Part 4

4 Dec

 

Chapter 4: 1977-1982: Acoustics & Speech Research

 

On April 1, 1977, I returned to the Bell Labs research area, joining the Acoustics and Speech Research Department in Murray Hill, NJ, headed by Osamu Fujimora. While Fujimora was a Professor at the University of Tokyo, he had developed an X-ray tracking system that recorded the movements of small lead pellets placed on the tongue, lips and jaw of subjects, as well as the the sounds, while speaking basic sounds, words, sentences and paragraphs of text. The movement of the pellets, the corresponding acoustic speech signals, and the phonetic transcriptions of the speech exercises were stored on multi-layer Winchester discs.

My initial project was to develop a computer program to align in time the phonetic transcriptions of the speech samples with the recorded sound signal and the pellet movement data. With these alignment time-marks, researchers could call up and analyze the articulation of  the various phonetic components of speech. I was not an expert on the phonetics of speech and had to quickly learn the symbols and the basics of this field.

My first need was to learn the how to use the computer system with which I could access the acoustic, articulatory, and phonetic data on the disks.

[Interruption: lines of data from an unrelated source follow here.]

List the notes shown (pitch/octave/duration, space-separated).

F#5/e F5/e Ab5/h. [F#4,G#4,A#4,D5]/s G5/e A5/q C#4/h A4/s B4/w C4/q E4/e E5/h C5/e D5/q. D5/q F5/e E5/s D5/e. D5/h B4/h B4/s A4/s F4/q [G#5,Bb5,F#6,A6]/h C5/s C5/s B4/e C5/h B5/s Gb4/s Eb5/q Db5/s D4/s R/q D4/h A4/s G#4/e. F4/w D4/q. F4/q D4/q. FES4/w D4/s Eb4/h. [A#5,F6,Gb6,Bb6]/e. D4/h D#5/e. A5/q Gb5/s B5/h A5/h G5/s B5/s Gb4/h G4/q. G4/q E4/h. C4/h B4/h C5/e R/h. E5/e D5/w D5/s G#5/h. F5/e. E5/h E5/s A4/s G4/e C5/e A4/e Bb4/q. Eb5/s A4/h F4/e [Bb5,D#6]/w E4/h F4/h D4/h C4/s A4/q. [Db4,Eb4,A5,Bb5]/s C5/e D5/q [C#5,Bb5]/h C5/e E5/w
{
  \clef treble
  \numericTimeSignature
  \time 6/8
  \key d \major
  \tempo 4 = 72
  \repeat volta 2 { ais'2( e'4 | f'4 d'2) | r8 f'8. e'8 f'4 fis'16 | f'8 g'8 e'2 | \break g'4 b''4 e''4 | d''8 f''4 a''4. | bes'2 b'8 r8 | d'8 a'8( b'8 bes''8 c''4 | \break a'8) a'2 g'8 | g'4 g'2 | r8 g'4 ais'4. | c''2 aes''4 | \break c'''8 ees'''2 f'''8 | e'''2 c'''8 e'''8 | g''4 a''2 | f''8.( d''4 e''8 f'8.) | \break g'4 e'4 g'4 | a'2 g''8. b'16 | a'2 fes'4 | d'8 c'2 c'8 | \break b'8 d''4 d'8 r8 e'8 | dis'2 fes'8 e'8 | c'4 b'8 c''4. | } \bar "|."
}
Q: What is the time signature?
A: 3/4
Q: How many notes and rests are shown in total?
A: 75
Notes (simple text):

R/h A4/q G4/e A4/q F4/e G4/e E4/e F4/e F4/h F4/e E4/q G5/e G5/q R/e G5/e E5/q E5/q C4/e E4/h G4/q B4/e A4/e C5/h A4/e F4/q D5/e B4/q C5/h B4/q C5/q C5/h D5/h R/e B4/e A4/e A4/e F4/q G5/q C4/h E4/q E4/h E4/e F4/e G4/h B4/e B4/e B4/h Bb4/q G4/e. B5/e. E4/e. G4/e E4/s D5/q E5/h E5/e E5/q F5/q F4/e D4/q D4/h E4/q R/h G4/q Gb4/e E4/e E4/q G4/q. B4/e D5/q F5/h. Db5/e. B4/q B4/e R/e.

The computer area housed a DDP-224, computer, an SEL computer, and a data room with several washing-machine sized disk readers. In today’s world of 200 giga-byte hard drives in small lap-top computers such as my Mac Powerbook on which I am writing this, it is hard to imagine these large disk-reader machines into which we loaded a 15-inch diameter multi-layer disk unit that contained only a few hundred kilo-bytes of data. The speech articulation database comprised a dozen of these large disks – large in size, but not large in storage capacity.

To access the data I had to sign up for time on the computer, and when I came into the computer room, I had to start-up the DDP-224 by manually keying in the octal code to boot-up the computer, and then load the selected Winchester data disk into the big disk-reader. I wrote programs in the Fortran language that provided access and analysis of the articulation, acoustic and phonetic-transcription data on the disc units. The demand for time on the computer was high and my hours of access were usually very early in the morning or very late at night. I also had a portable Texas Instruments modem unit that accessed the host computer from home by dialing up the server number, then putting the phone headset into the modem recepticles at the top of the TI unit. Everything I typed in and received back from the computer was printed on a thermal paper roll in the unit. On many a late night at home, I made a long roll of print-out while writing and de-bugging code.

The time alignment of the acoustic and articulation data with the phonetic transcription of each speech utterance was facilitated by a program written by Bishnu Atal and Larry Rabiner of our lab that accurately assigned time markers to the segments of the acoustic data corresponding to the voiced(V), unvoiced(U), and silence(S) segments of the speech utterance. Ideally, the elements in the V, U, S sequence could then be lined up with the elements of the phonetic transcription, but unfortunately the measured and predicted features did not form a clean one-to-one match.  After struggling with this matching problem for many days, I got the idea that instead of trying to match all the V, U, S time segments with the phonetic elements, I should just try to match the S-segments in the acoustic data with the pauses indicated in the phonetic transcriptions. If  I could find the optimum fit in this first stage, then the V, U, S segments between each of the matched pauses could be aligned in a second stage of the matching procedure. This was one of those “AHA!” moments that allowed the whole procedure to work. [See Note 1 at the end of this chapter].

Because my work in control theory, I was familiar with the dynamic programming process developed by Richard Bellman of CalTech for finding the optimum match of two feature sets, using an efficient search algorithm for the minimization of the error cost among the possible matching paths. I believe this was the first application of this “time-warping” matching algorithm in our research lab. Later it was successfully applied by others in our research on speech-recognition and signature-verification techniques.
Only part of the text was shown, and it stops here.